A year after settlement, CCH attorneys still work on ‘street sweeps’ case

By Diane O’Connell, Staff Attorney

Our Law Project staff and interns continue to monitor how the city of Chicago implements its policy regulating the seizure of personal property taken from homeless people who live on the street.CCH Logo

The policy was adopted in January 2015 after CCH, working with another legal aid group and private law firm, settled a case challenging the city’s practice of confiscating and destroying personal property. This included sleeping bags and medicine taken when the city ran “sweeps” of people who sleep on Lower Wacker Drive and under the Wilson Avenue viaduct at Lake Shore Drive.

Through the past year, the Law Project monitored approximately 20 street cleanings. Staff and interns also held 80 interviews with people who live on the street, including some follow-up interviews. This outreach and observation has raised significant concerns about the city’s compliance with its own policy. 

Concerns include the city’s failure to provide intensive case management, social services, and long-term housing, as promised in the policy. Also at issue is the city’s failure to post proper signage and notice, ineffective outreach and engagement by city agencies, and whether training is offered to city workers who interact with homeless people.

During our advocacy, some concerns have been addressed by the city, including removal of outdated signs. Other practices continue in apparent violation of the policy, causing confusion and upsetting people impacted by sweeps.

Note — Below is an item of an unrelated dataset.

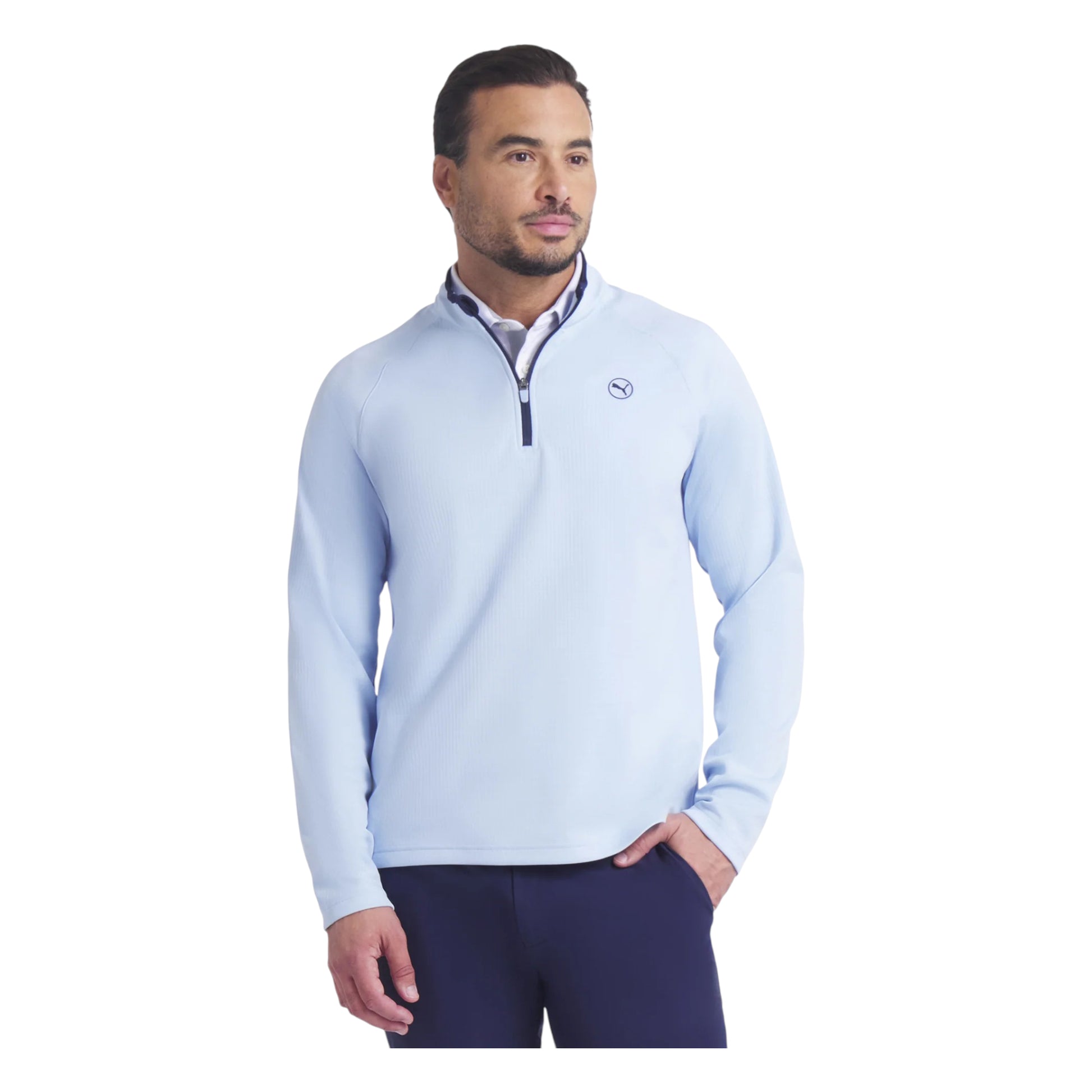Puma Waffle Fleece 1/4 Zip Golf Midlayer 632266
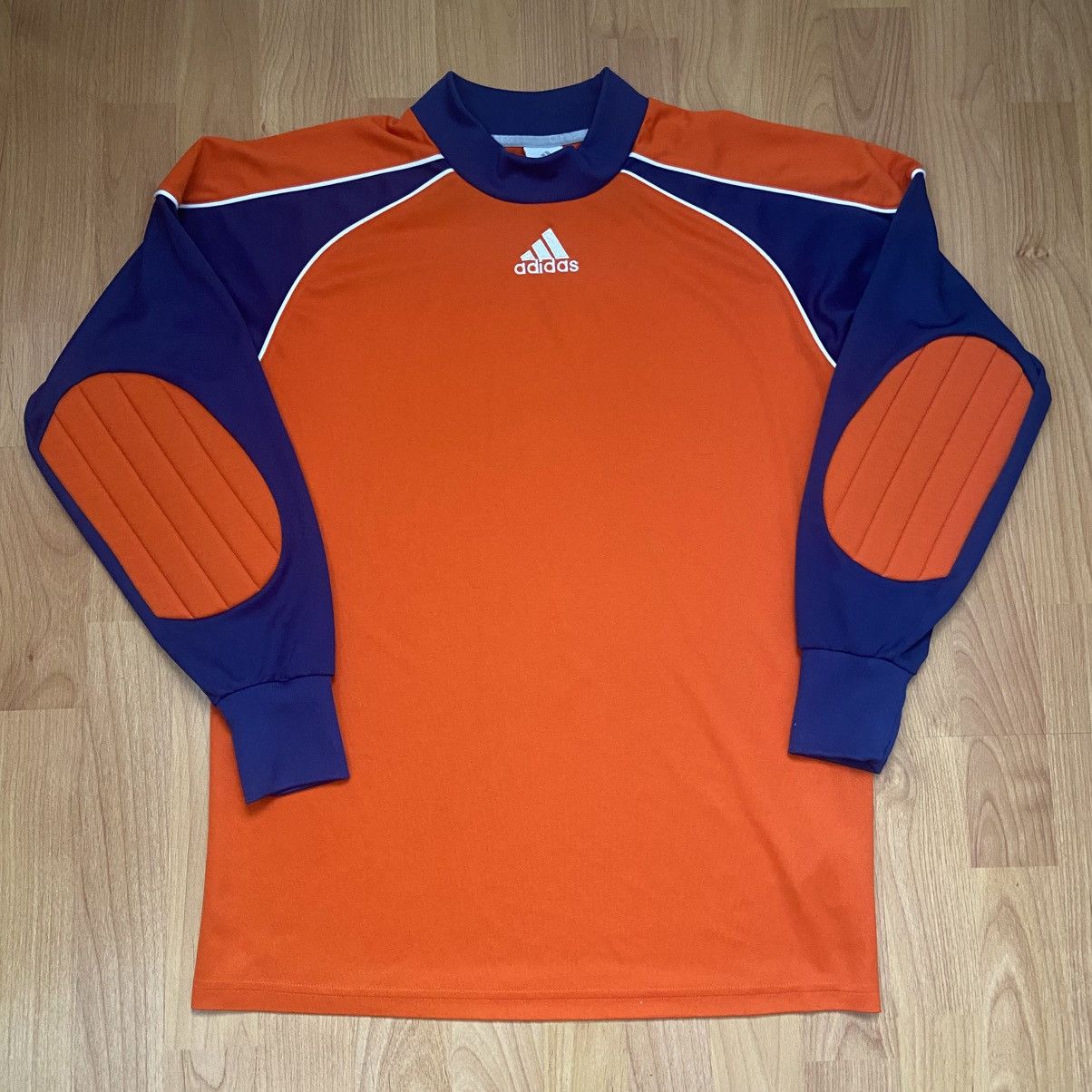 Adidas Adidas Climalite Vintage Y2K Goalie Jersey Elbow Pad Men S/M Size US S / EU 44-46 / 1 - 1 Thumbnail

Further informing our efforts is a guidance issued last August by the U.S. Interagency Council on Homelessness, Ending Homelessness for People Living in Encampments: Advancing the Dialogue. The guidance urges the decriminalization of homelessness and condemns the disruption of homeless encampments unless people can be connected with permanent housing.

Driving CCH’s advocacy are the experiences of homeless people who sleep outdoors in Uptown, Lower Wacker, and other areas. They rely on tents and other modest property as their only comfort and protection from harsh Chicago weather, with many of them also struggling with illness, addiction and disabilities.

When advocating with city officials, we have shared the Interagency Council’s guidance and the concerns relayed to us by homeless residents. The Law Project will continue to advocate improved conditions for people who experience street homelessness, seeking more predictability of sweeps, better services for those in need, and increased access to permanent housing for people who need it most.